Date:05. Jan 2011

Von Menschen und Göttern

Kunst · Theater · Literatur

Film

Foto: Website
 

Gesichter, die man nicht vergisst. So eindrucksvoll gezeichnet, so unfassbar dargestellt, dass man glaubt, man sei nicht im Kino, sondern sähe diese Zisterzienser von Angesicht zu Angesicht:

Prior Christian de Chergé, 59,
Bruder Luc Dochier, 82,
Pater Christophe Lebreton, 45,
Bruder Michel Fleury, 52,
Pater Bruno Lemarchan, 66,
Pater Célestin Ringeard, 62,
Bruder Paul Favre-Miville, 57 Jahre alt geworden,

waren die Opfer von Entführung und grausamem Mord im März 1996. Sie und die beiden überlebenden Zisterzienser-Mönche Bruder Jean-Pierre und der hochbetagte Bruder Amédée.
Sie alle sind Gegenstand des Films „Von Menschen und Göttern“ von Xavier Beauvois, der gerade in den Kinos läuft.

Was damals ganz Frankreich bewegte, führte heute ebenfalls ein ganzes Land in die Kinos.
Warum leben sie ihr strenges zisterziensisches Leben ausgerechnet im Kloster von Tibhirine Notre-Dame de l’Atlas?
Warum blieben die Mönche – trotz Bedrohung durch bewaffnete islamistische Rebellen?
Warum lehnten sie militärischen Schutz durch die algerische Armee für ihr Kloster ab?
Warum lesen sie den Koran?
Warum gehen sie offenen Auges in den Tod, da sie doch das Leben so lieben, dass ihnen Musik und ein gemeinsames Mahl Freudentränen in die Augen treibt?
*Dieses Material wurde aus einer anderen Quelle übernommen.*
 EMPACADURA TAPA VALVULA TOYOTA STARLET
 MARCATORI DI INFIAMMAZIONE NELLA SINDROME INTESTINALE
Oder sind es bereits Tränen des Abschieds?
Eine bewegende Szene, sicher eine Schlüsselszene des Films. Ohne ein Wort wird uns Theologie vor Augen geführt. Gegen das Böse singen sie an. Gegen den Hass üben sie Nächstenliebe. Gegen die Angst umarmen sie einander.

Ein schöner, ein trauriger, ein gläubiger Film. Auch wenn er nicht klärt, wohl auch nicht klären kann, wer solchen Menschen die Köpfe vom Leib trennte. Und warum. Die Spuren verschwanden in den verschneiten Bergen des Atlas. Ihre Gräber blieben.